Update the utilisation guidance to avoid overutilisation (#312)

regularfry · web-flow · commit d9b962131670 · 2024-10-01T15:58:07.000+01:00
The [Kingman formula](https://www.allaboutlean.com/kingman-formula/) tells you what happens when a resource has 100% utilisation, and it's not good: ![image](https://github.com/NHSDigital/software-engineering-quality-framework/assets/39277/67b7bc2b-bfcf-4feb-97ba-8b2de04c22fe) Any system that has a latency constraint wants to be *very careful* about approaching 100% utilisation. I've reworded the advice here from aiming at 100% to aiming at 80%, which is a fairly safe amount of headroom. This obviously doesn't apply to elastic on-demand infrastructure except where we are controlling autoscaling parameters.
diff --git a/practices/cloud-services.md b/practices/cloud-services.md
@@ -36,8 +36,9 @@
 - Services should scale automatically up and down.

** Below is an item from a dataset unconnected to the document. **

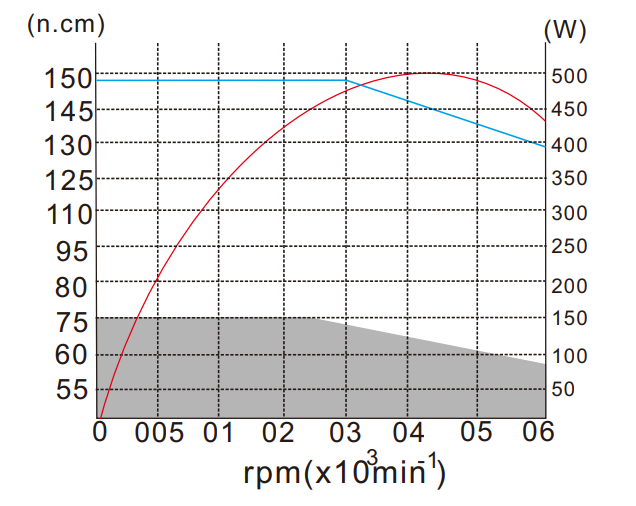msiy大扭矩主轴力矩图.png msiy大扭矩主轴力矩图.png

   - If possible, drive scaling based on metrics which matter to users (e.g. response time), but balance this with the benefits of choosing leading indicators (e.g. CPU usage) to avoid slow scaling from impacting user experience.
   - Understand how rapidly demand can spike and ensure scaling can meet these requirements. Balance scaling needs with the desire to avoid over provisioning and use [pre-warming](https://petrutandrei.wordpress.com/2016/03/18/pre-warming-the-load-balancer-in-aws/) of judiciously where required. Discuss this with the cloud provider well before go live they can assist with pre-warming processes ([AWS](https://aws.amazon.com/premiumsupport/programs/iem/)).
-- Infrastructure should always be fully utilised (if it isn't, it's generating waste).
-  - Though balance this with potential need to run with some overhead to accommodate failed instance replacement times without overloading remaining instances.
+- As a rule of thumb, where you are using inelastic infrastructure, aim for 80% utilisation.
+  - Don't let utilisation rise far enough that a single instance failing would cause an outage.
+  - Too high utilisation will cause latency problems. Know what your performance SLOs are to understand how much latency headroom you have.
 - Keep up to date.
   - Services/components need prompt updates to dependencies where security vulnerabilities are found &mdash; even if they are not under active development.
   - Services which use deprecated or unsupported technologies should be migrated onto alternatives as a priority.